Why it’s hard to (really) love Process Builder

It’s true – we all celebrated Process Builder as a game changer when it was introduced to our beloved Salesforce platform about two years ago. Then we found out that is had issues with bulkification. Then we learned that we can do quirky things with it, break governor limits. And we learned that it will send exception messages in a completely new way. And then, there’s the issue with deploying them.

It’s not even hidden in the fine print. Anyone interested in reading the “considerations” is free to do so:

Rakesh Gupta wrote about that behaviour implicitly here

To sum it up: New Process Builder processes and Visual Workflows are deployed (by change sets) inactively. So when you run all local tests to validate a deployment, you will never see the results of the current flow / process. Which is bad, because flows can break things and unit tests can help to find the misbehaving flows.

But it can get worse, even. If you model unit tests to evaluate the outcomes of flows, you will hit a dead end: Because you will never see the flow’s behaviour in tests before you deploy and activate a flow.

Just lately, I had the following case:

We had moved a triggered record creation from a TriggerHandler to a process to allow admins to change the triggered action. We still had a unit test in place that verified that the records were created properly – and I thought it would be best to use this unit test to monitor if trigger and process would work well together.

We ended up with a changeset including the following:

  • a new field to evaluate
  • a new process
  • a new outbound email
  • a refactored trigger handler

All of it together moved the existing functionality from code to process builder but maintained the unit tests and the more complex stuff in the trigger handler.

But deployments wouldn’t work, because of failing assertions (true: the trigger handler didn’t create the records anymore, and the process wasn’t yet running).

So we had to split the changeset into three:

  • all dependencies (fields and messages) (running all local tests)
  • the process itself (running no tests)
  • the trigger handler (running all local tests, again)

That left us with an untested stage between the second and third deployment, but it worked.

There was one flaw, still: First we tried to deploy the full change set as a third step. But again, it failed, because it contained the flow version again and this deactivated the flow. D’Oh!

And now for something completely different the same

Just now, I had an unexpected error in my CI deployments, run by Circle CI with heavy use of the Salesforce CLI and Salesforce DX. Look at this miraculous error:

=== Component Failures [2]

TYPE   FILE                                    NAME                     PROBLEM
─────  ──────────────────────────────────────  ───────────────────────  ───────────────────────────────────────────────────────────────────────────
Error  src/flows/HandleUnsubscribe-1.flow      HandleUnsubscribe-1      The version of the flow you're updating is active and can't be overwritten.

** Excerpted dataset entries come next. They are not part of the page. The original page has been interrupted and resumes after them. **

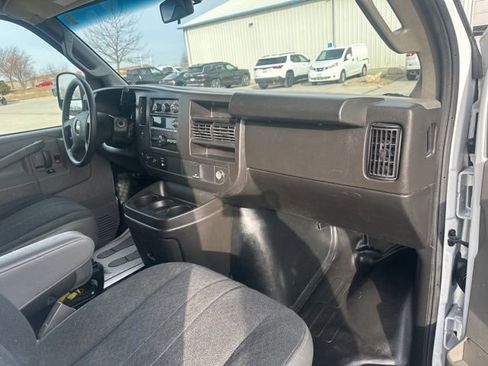 Used 2024 Chevrolet Express 2500 w/ Driver Convenience Package image 18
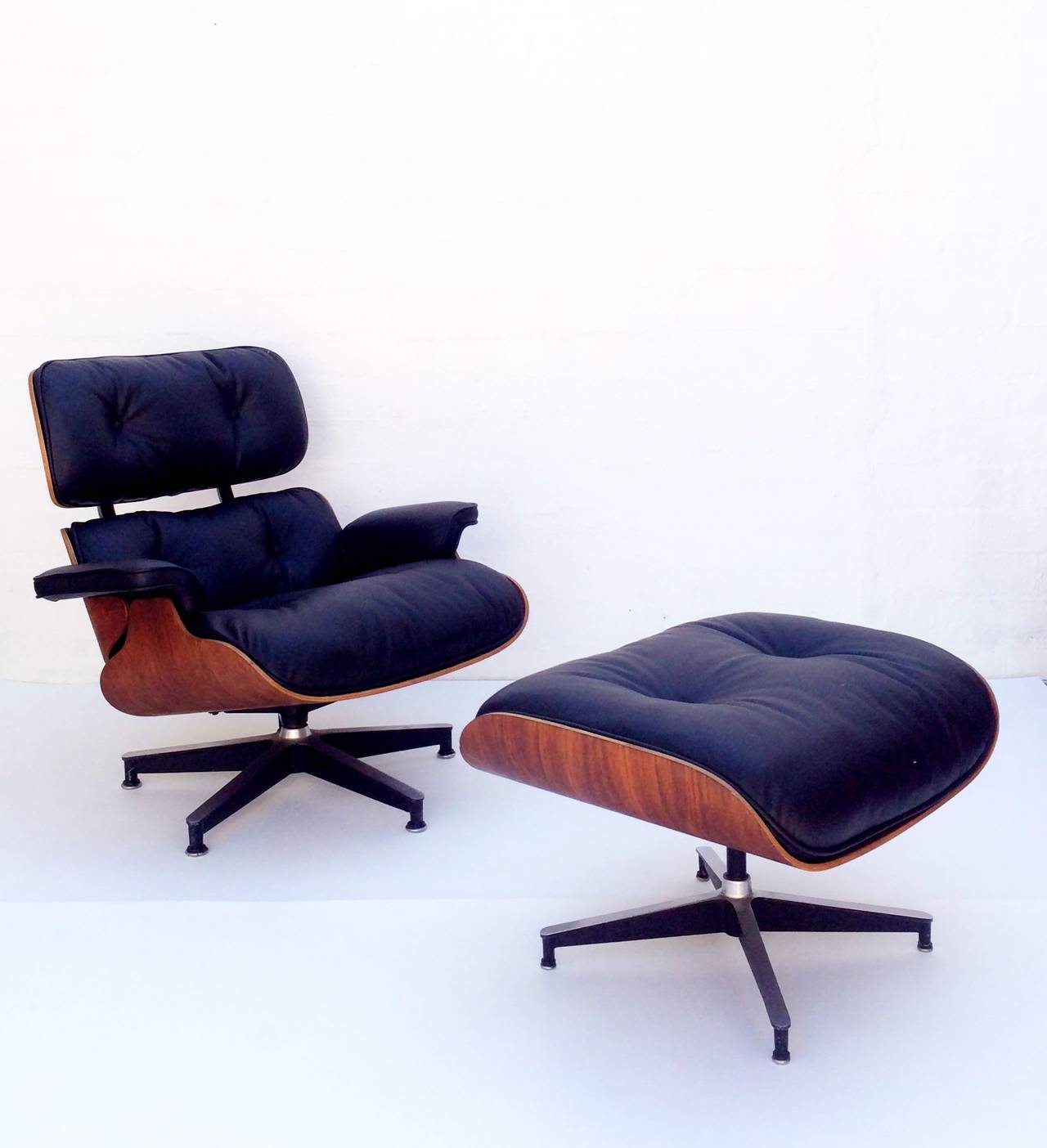 Mid-20th Century Pair of Early Eames Rosewood 670 & 671 Lounges Chairs with Ottomans
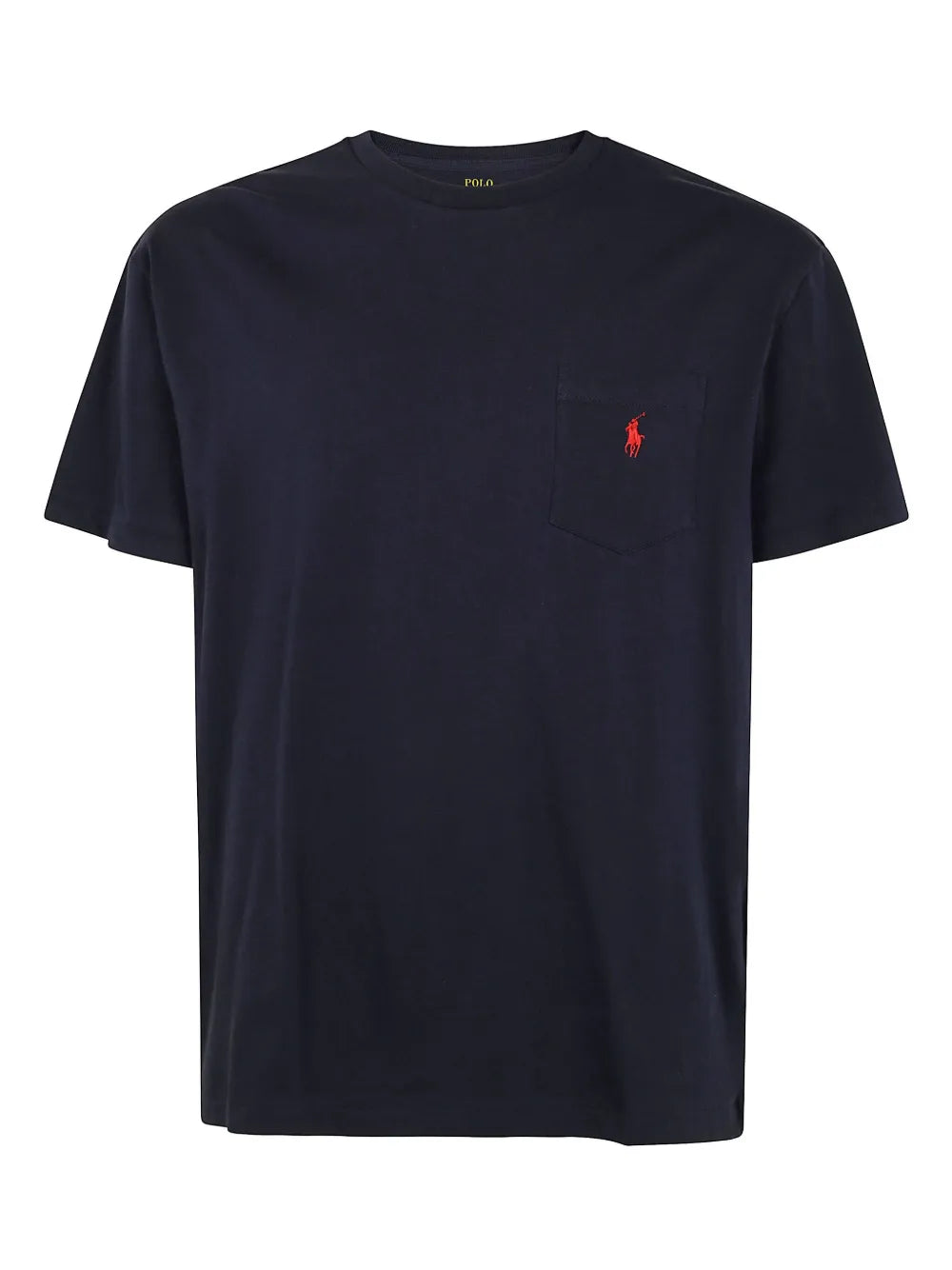 camiseta com detalhe de bolso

Error  src/flows/HandleUnsubscribeFlow-1.flow  HandleUnsubscribeFlow-1  The version of the flow you're updating is active and can't be overwritten.

Still, I really like the concept behind Process Builder. But I’m seriously worried that these deployment issues drive people into building flows and processes straight in production. And not covering them with tests. And I’m really worried that this could be an early and unexpected end to my ventures into automated deployments.

Any ideas, solutions?

How do you handle process builder deployments?

How are your experiences with flows in DX driven CI workflows?